Task item: Apart from the pictures, everything in the lines below must be printed exactly.

── Collected material

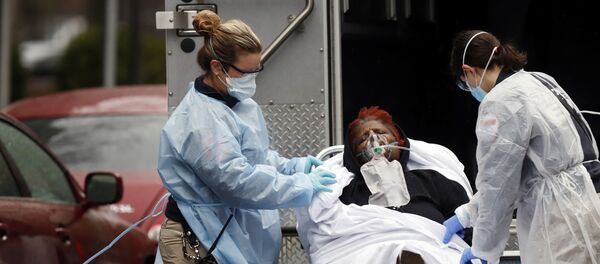 Emergency Medical Technicians (EMT) wearing protective gears wheel a sick patient to a waiting ambulance during the outbreak of coronavirus disease (COVID-19) in New York City, New York, U.S. - Sputnik International
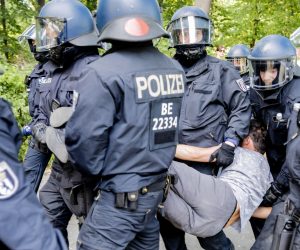 01 August 2020, Berlin: Policemen arrest a protester as they break up a demonstration organized by the 'Querdenken 711' group, against the restrictive measures imposed by the government to curb the spreading of coronavirus. Photo: Christoph Soeder/dpa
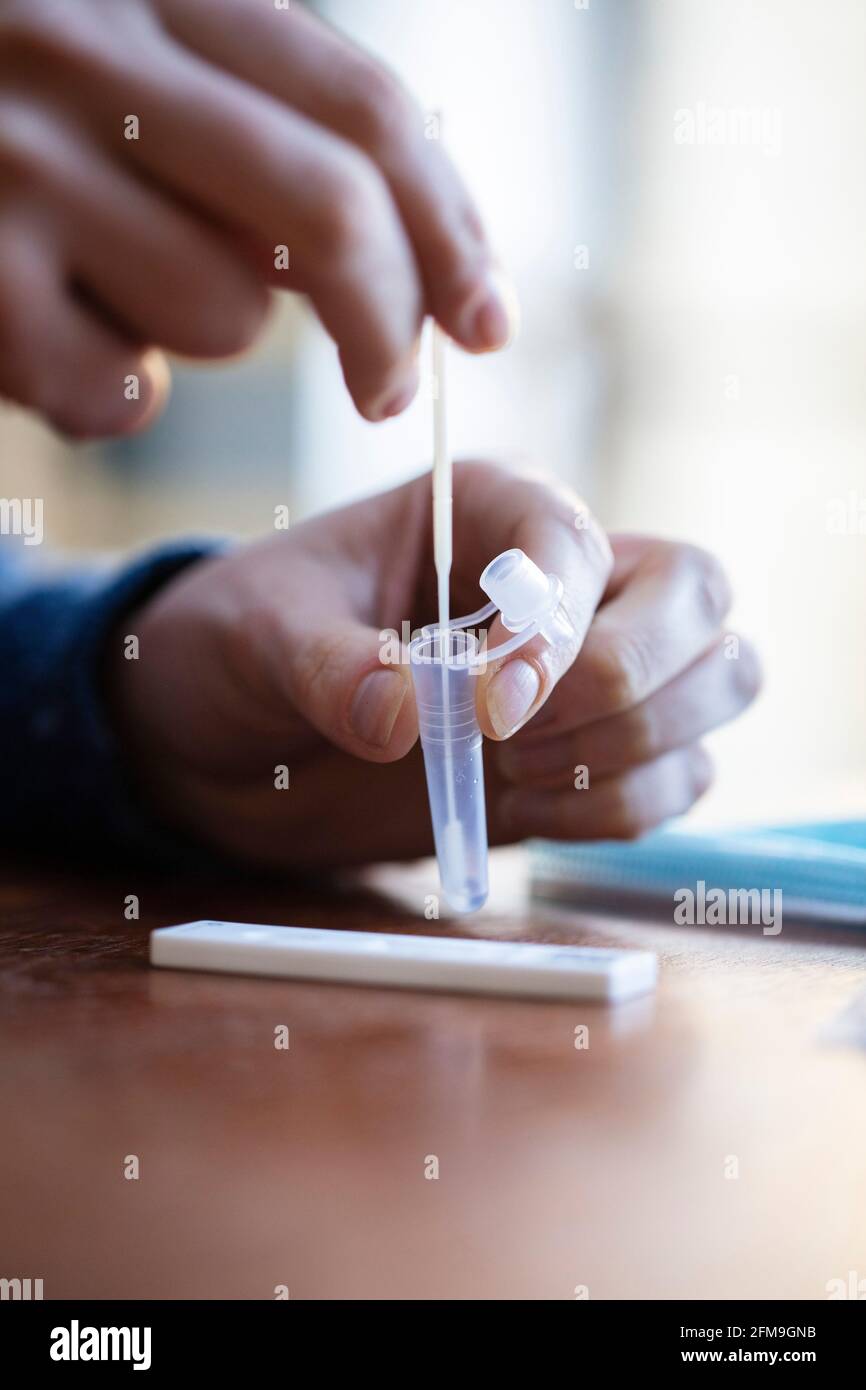 Close up of a person using coronavirus covid19 rapid antigen home
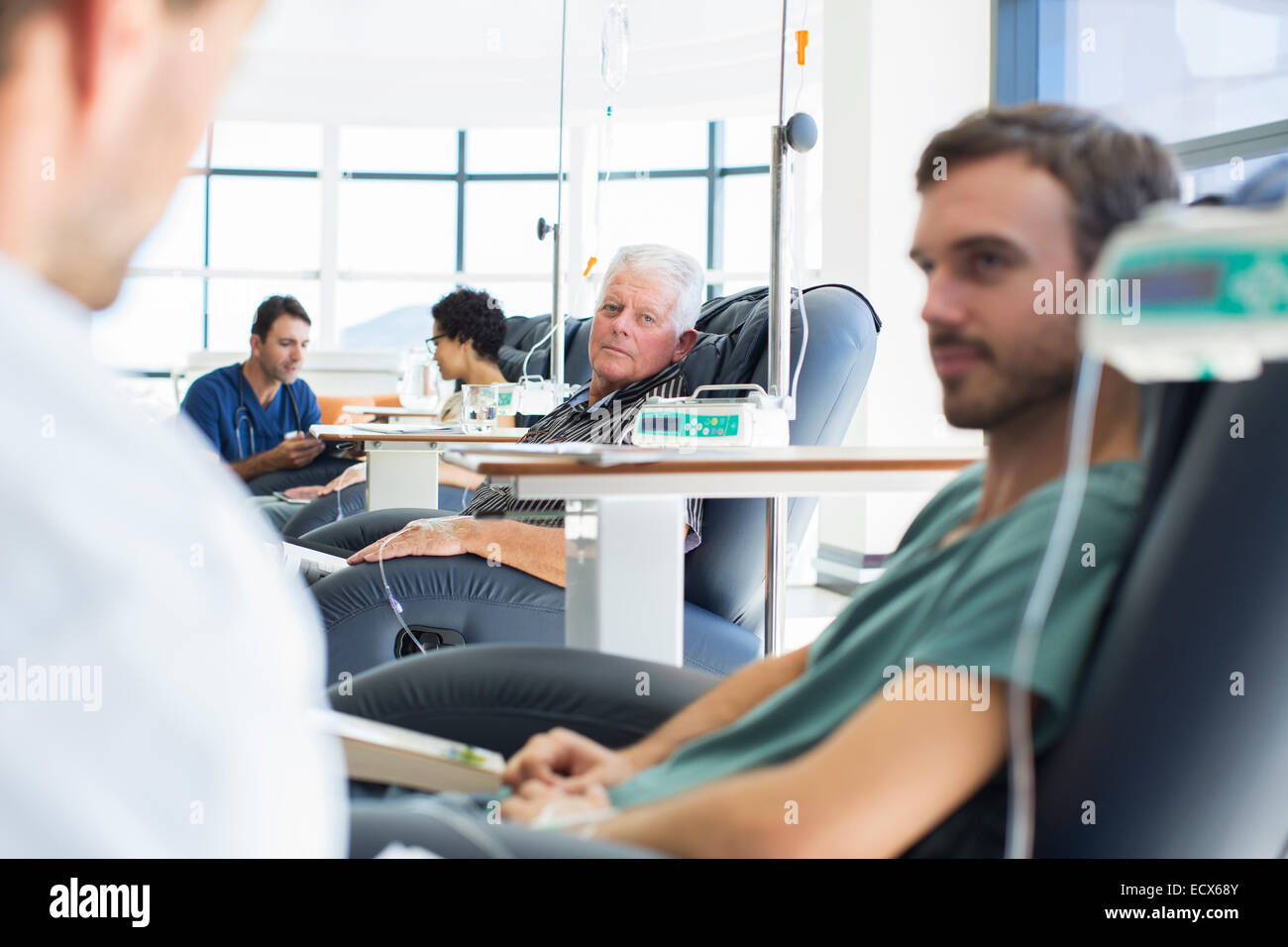 Doctors talking to patients receiving medical treatment in hospital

────

Your response:
 Emergency Medical Technicians (EMT) wearing protective gears wheel a sick patient to a waiting ambulance during the outbreak of coronavirus disease (COVID-19) in New York City, New York, U.S. - Sputnik International
 01 August 2020, Berlin: Policemen arrest a protester as they break up a demonstration organized by the 'Querdenken 711' group, against the restrictive measures imposed by the government to curb the spreading of coronavirus. Photo: Christoph Soeder/dpa
 Close up of a person using coronavirus covid19 rapid antigen home
 Doctors talking to patients receiving medical treatment in hospital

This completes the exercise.